Una lezione che si pensava imparata con la tragedia di un anno fa. Ma il governo non sembra voler per questo imprimere un’accelerazione all’abbandono dei combustibili fossili e alla transizione ecologica in generale. Poche ore prima dell’arrivo delle precipitazioni sulla Romagna la premier Giorgia Meloni dichiaravala volontà di “correggere” le politiche verdi europee” frutto di “disastrosi approcci ideologici”. A rincarare la dose ci ha pensato la ministra Daniela Santanché, che in mattinata scriveva sul suo profilo X: “Abbiamo sconfitto un futuro in rosso, ora evitiamo che il colore del futuro sia troppo verde”.

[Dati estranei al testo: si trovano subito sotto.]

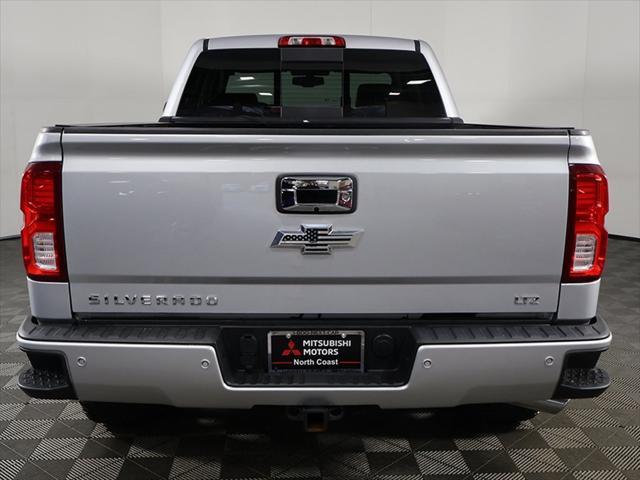 used 2017 Chevrolet Silverado 1500 car, priced at $25,483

Poi c’è il capitolo gestione del territorio. Su questo è scoppiata la polemica politica. “Prevenzione e gestione del rischio sono competenza delle Regioni e l’Emilia Romagna ha ricevuto dal governo quasi 600 milioni di euro per la lotta al dissesto”, ha detto il ministro della Protezione Civile Nello Musumeci. “La Regione potesse fare lo sforzo di farci sapere quanta di questa risorsa è stata spesa, spero tutta o quasi, e quali sono i territori più vulnerabili” ha concluso. «Sono stati fatti tantissimi cantieri, sto già vedendo delle polemiche e mi dispiace anche perché ormai è un leit-motiv nei momenti di maggiore emergenza» è la risposta indiretta dell’assessore Priolo, che guida l’Emilia-Romagna in attesa delle elezioni previste a breve.
Gabriele Bollini, docente di progettazione e pianificazione sostenibile presso l’Università di Modena, è critico con entrambi: “La verità è che c’è stata un’involuzione del dibattito, altro che imparare dall’alluvione dello scorso anno” spiega. “Lo si era detto anche dopo gli eventi del maggio 2023. Il punto non è ricostruire da capo quello che è stato distrutto, ma riprogettare. Da un lato il cambiamento climatico riduce i tempi di ritorno degli eventi estremi: significa che piogge eccezionali diventano più frequenti, e i territori vanno adattati. Dall’altra c’è la riduzione delle vulnerabilità, da fare a prescindere, che si traduce in primis nel ridare spazio ai fiumi. La legge 183 del 1989, la prima sulla difesa del suolo, introduceva un concetto semplice: quello di bacino idrografico. Si diceva alle autorità di progettare tutto – l’edilizia, i campi – in base ai bacini. Poi si sono aggiunte anche le direttive europee, in particolare la direttiva alluvioni del 2007 e la più recente Nature Restoration Law, che parla esplicitamente di delocalizzare gli edifici e le infrastrutture a rischio, se necessario”. Niente di tutto questo è stato fatto? “No, non nell’ultimo anno ma nemmeno nei dieci precedenti. Bisognerebbe pianificare fiume per fiume, tratto per tratto. È l’unico modo di evitare nuovi disastri”.